Problem details >>
Repeat the lines from the one containing "Used 2025 Hyundai" through the last line of the data, exactly, pictures omitted.

Data block >>
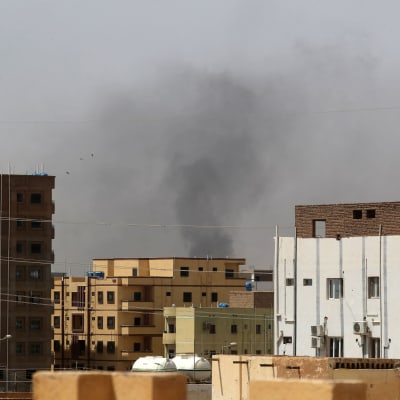 Det var flera rökmoln som sågs stiga över Sudans huvudstad Khartum under lördagens samman drabbningar. 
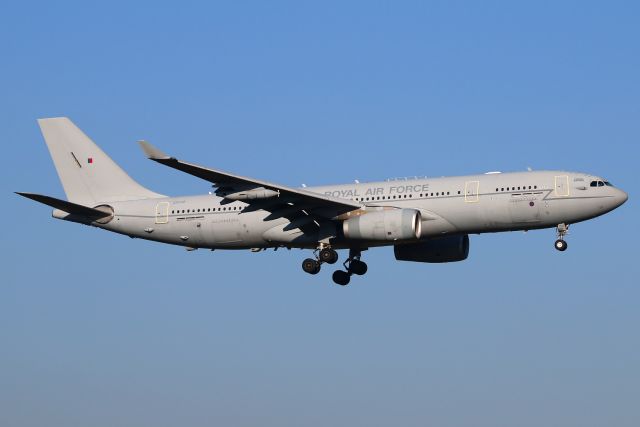 Airbus A330-200 (ZZ338)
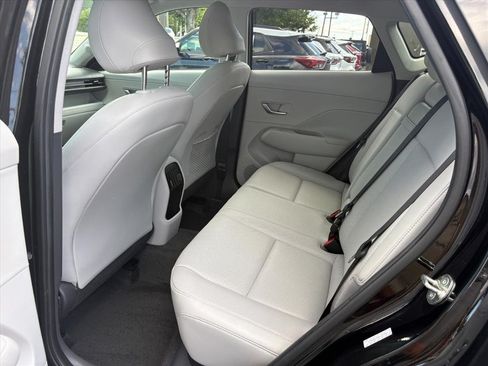 Used 2025 Hyundai Kona Limited AWD/4WD image 19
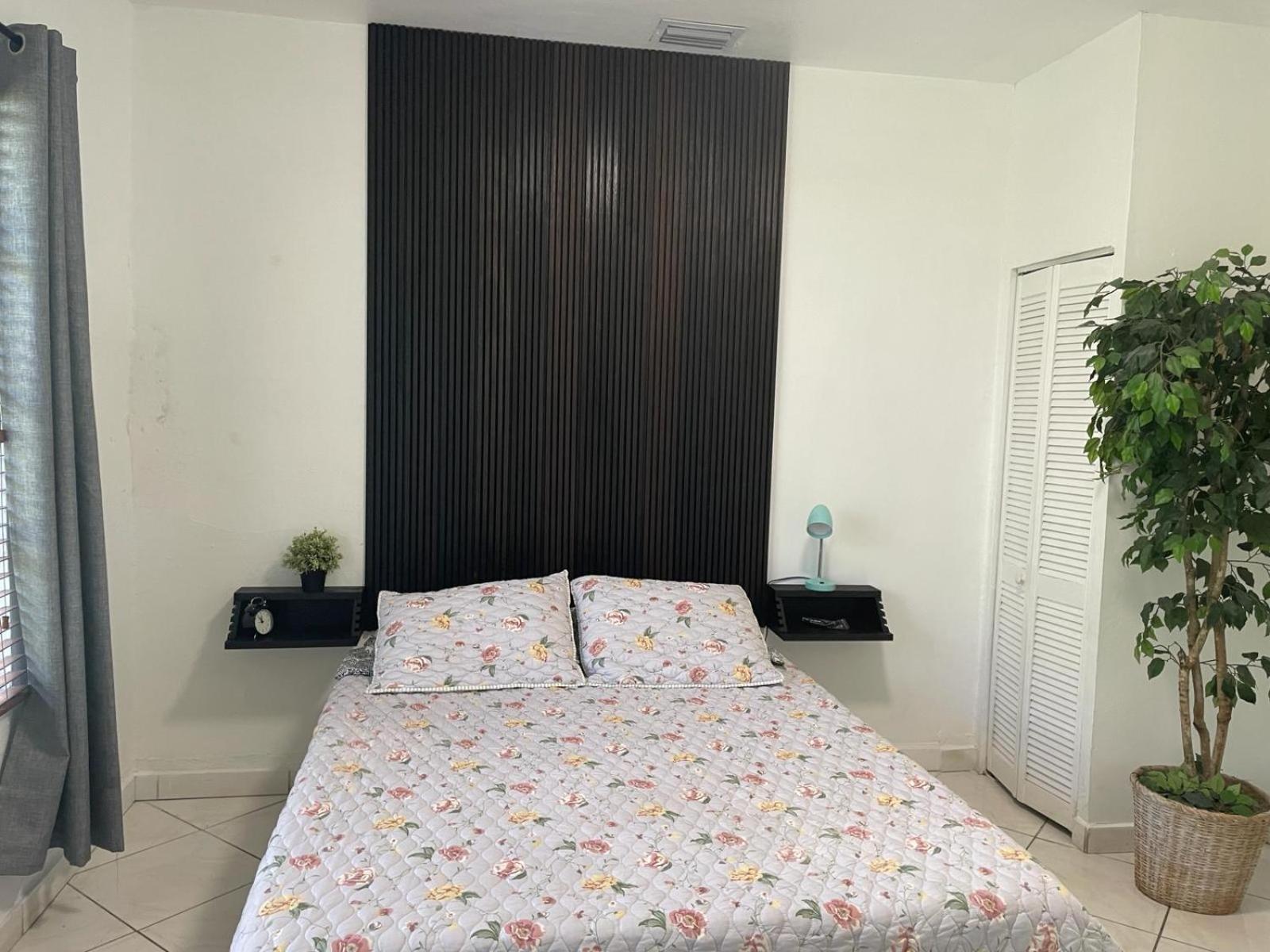 Private Suite Next To Calle Ocho ميامي المظهر الخارجي الصورة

Response to the task >>
 Used 2025 Hyundai Kona Limited AWD/4WD image 19
 Private Suite Next To Calle Ocho ميامي المظهر الخارجي الصورة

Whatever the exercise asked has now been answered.